Archive for Regular expressions

Atoms in Regular Expressions

Posted in Perl with tags , , on December 14, 2008 by vinaychilakamarri

I read about something interesting today. There is a term called ‘Atom’  when you are dealing with regular expressions. Knowing the importance of  how you formulate a regular expression becomes important because some
expressions might turn out as something you usually don’t anticipate. Talking about quantifiers in the context of  atoms, the importance of atoms becomes more vivid when you consider this example: ha{6}, (ha){6}. Although
they seem to be very similar, the additional parentheses treat ‘ha’ as a single atom and match only those words whose pattern contains ‘ha’ for 6 consecutive times.
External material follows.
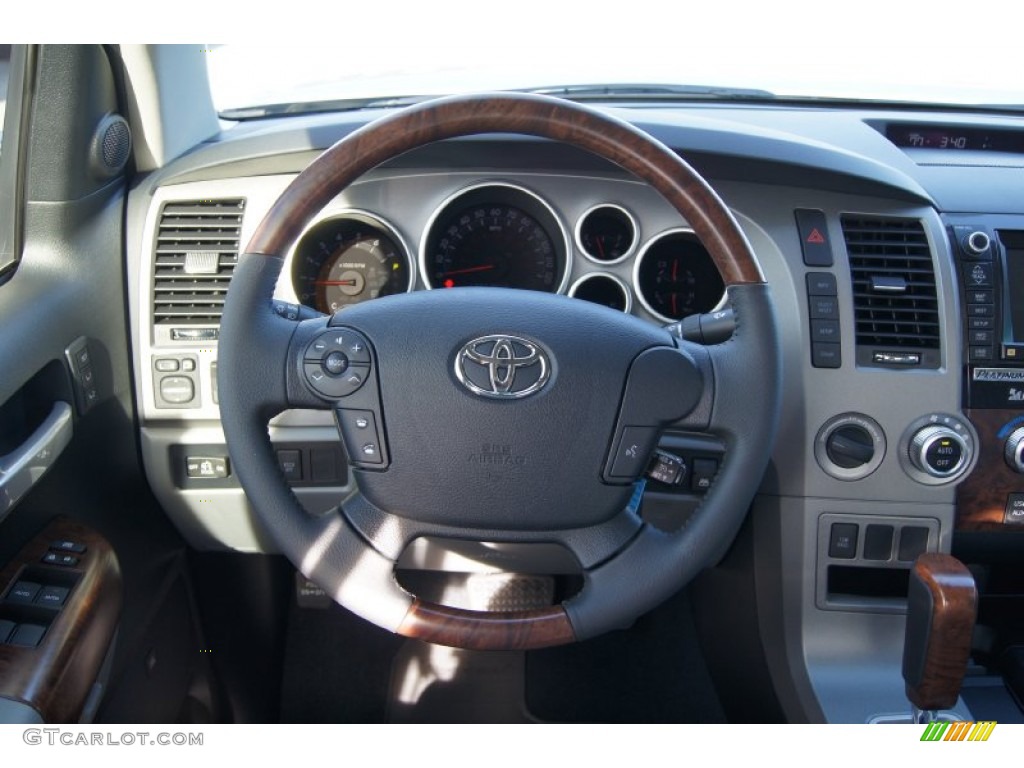 2013 Toyota Tundra Platinum CrewMax 4x4 Graphite Steering Wheel Photo #72648332
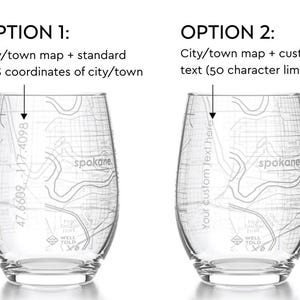 Custom City Map Stemless Wine Glass | Any City / Town Personalized | Custom Etched Wine Glass (15oz) | Engraved Wine Glass | Custom Gift image 6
The former expression tries to match only those patterns in which ‘h’ is followed by 6 a’s. Let’s say I wanted to match a word that starts with ‘pre’ and ends with ‘tion’
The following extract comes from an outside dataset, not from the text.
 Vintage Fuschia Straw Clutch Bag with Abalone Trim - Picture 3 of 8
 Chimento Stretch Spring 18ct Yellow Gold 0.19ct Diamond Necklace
These are some of the possibilities that I should be expecting:
premonition
predilection
prediction
etc.

So, a possible expression can be:

^(pre)+([a-z]*|[A-Z]*|\\s)*(ion)+\$

Any word that beings with the atom “pre”, in which the atom “pre” Must occur at least one time and can occur more than one time after the beginning, and there can be 0 or many characters in the middle, starting from a-z OR A-Z OR space characters with a quantifier *, which indicates that the characters can occur 0 or more times, with an external quantifier that ensures that the letter case is ignored during the match, and it only matches the patterns that end with the atom, “ion”, which is specified by the concluding $

Example 2:

^?[0-9]+(ord)+\$?

Says that the atom ‘ord’ has to be preceded at least once by a number. The + quantifier after [0-9] signifies that the numbers can be repeated any number of times. Also the ^? signifies that the numbers need not start from the beginning of the pattern in question. Also what the “\$?” means is that the pattern need not essentially end with the atom “ord”